Oberlandesgericht Frankfurt am Main, Urteil vom 28.03.2024 – 1 UF 160/23, Pressemitteilung Nr. 19/2024 vom 15.04.2024
Hintergrund
Die Eheleute des vorliegenden Falles sind seit dem Jahre 2014 verheiratet und haben drei noch minderjährige Kinder, die in den Jahren 2015, 2017 und 2019 zur Welt gekommen sind.

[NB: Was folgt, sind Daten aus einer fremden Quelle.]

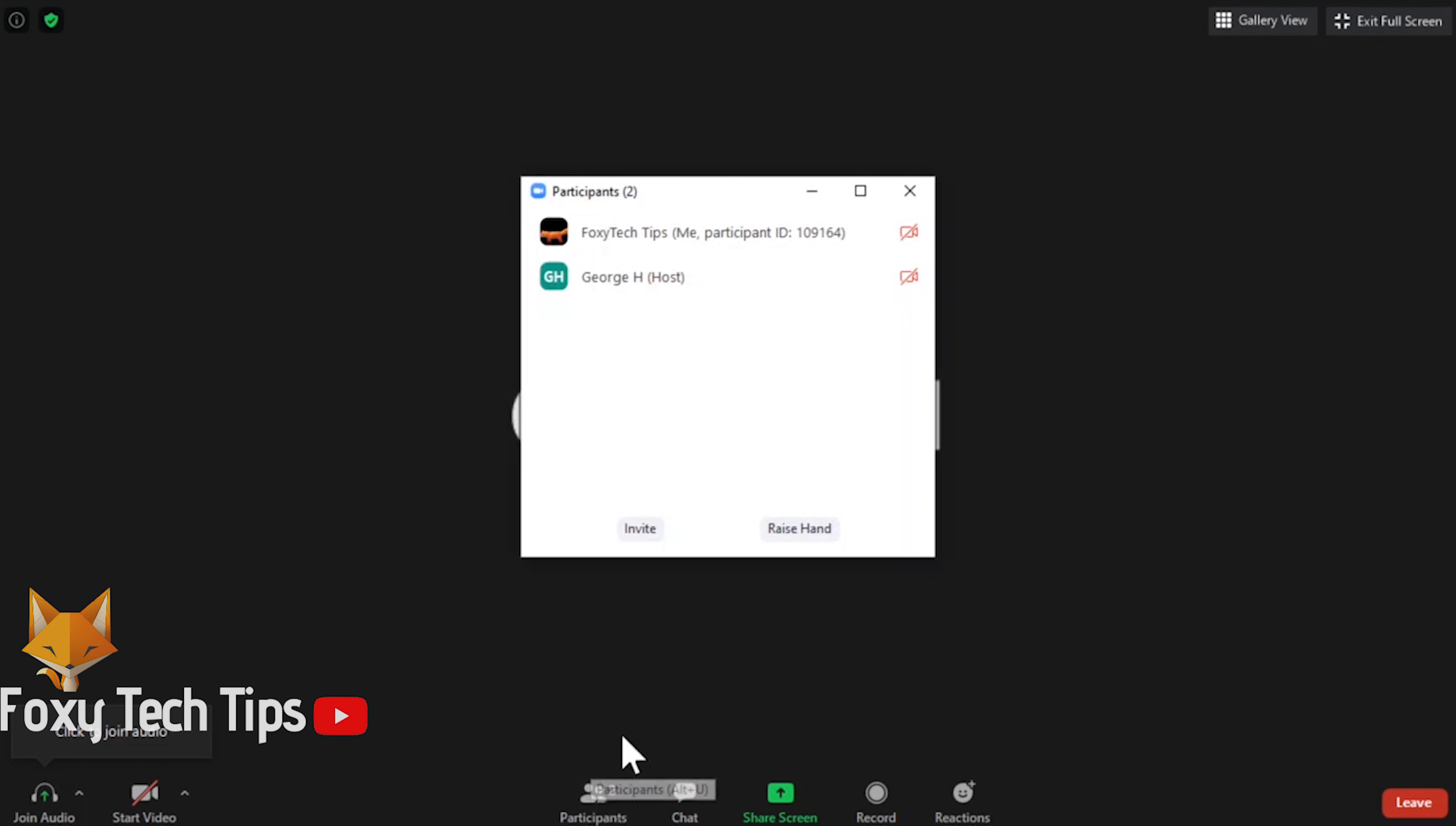Now click on the raise hand button from the bottom of the popup. When your hand is raised, you can see the blue hand icon beside your name.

Im Jahr 2021 trennten sich die Eheleute, strittig ist vorliegend der Zeitpunkt der wechselseitigen Auskunftsverpflichtung zum Trennungsvermögen im Rahmen der güterrechtlichen Auseinandersetzung des Ehepaares.
Nachdem die Eheleute zunächst getrennte Schlafzimmer nutzten, zog der Vater in das Untergeschoss des Hauses und nutzte das dort befindliche Badezimmer, während die Mutter das Badezimmer des Obergeschosses und das dort befindliche ehemalige eheliche Schlafzimmer mit den Kindern nutzte. Das Ehepaar führte keine intime Beziehung mehr und aß nur gelegentlich mit den Kindern gemeinsam. Beide Eheleute gingen sich jedoch hilfsweise zur Hand, indem sie etwa Einkäufe oder andere Besorgungen füreinander erledigten. Beide gingen noch freundschaftlich miteinander um und wohnten den Kindern zuliebe weiterhin in demselben Haus.
Gemäß § 1379 Bürgerliches Gesetzbuch (BGB) kann jeder Ehegatte vom anderen Ehegatten Auskunft über das Vermögen zum Zeitpunkt der Trennung verlangen. Die Auskunftsverpflichtung über das Trennungsvermögen soll den einen Ehegatten davor schützen, dass der andere Ehegatte im Zeitraum der Trennung vermögensschädigende Dispositionen trifft, um die Berechnung eines etwaigen Zugewinnanspruchs zu seinen Gunsten zu beeinflussen. Als die Eheleute wechselseitig ihre Anträge auf Auskunft des Vermögens zum Zeitpunkt der Trennung stellten, gab der Ehemann einen späteren Trennungszeitpunkt an als die Ehefrau.
Während die Ehefrau als Trennungszeitpunkt den 20.01.2021 angab, der Tag, an dem sie ihrem Ehemann per Mail mitteilte, es sei wohl besser, wenn sie sich trennen würden, gab der Ehemann als Trennungszeitpunkt den 09.03.2021 an, der Tag, an dem die Ehefrau aus dem gemeinsamen Haus auszog.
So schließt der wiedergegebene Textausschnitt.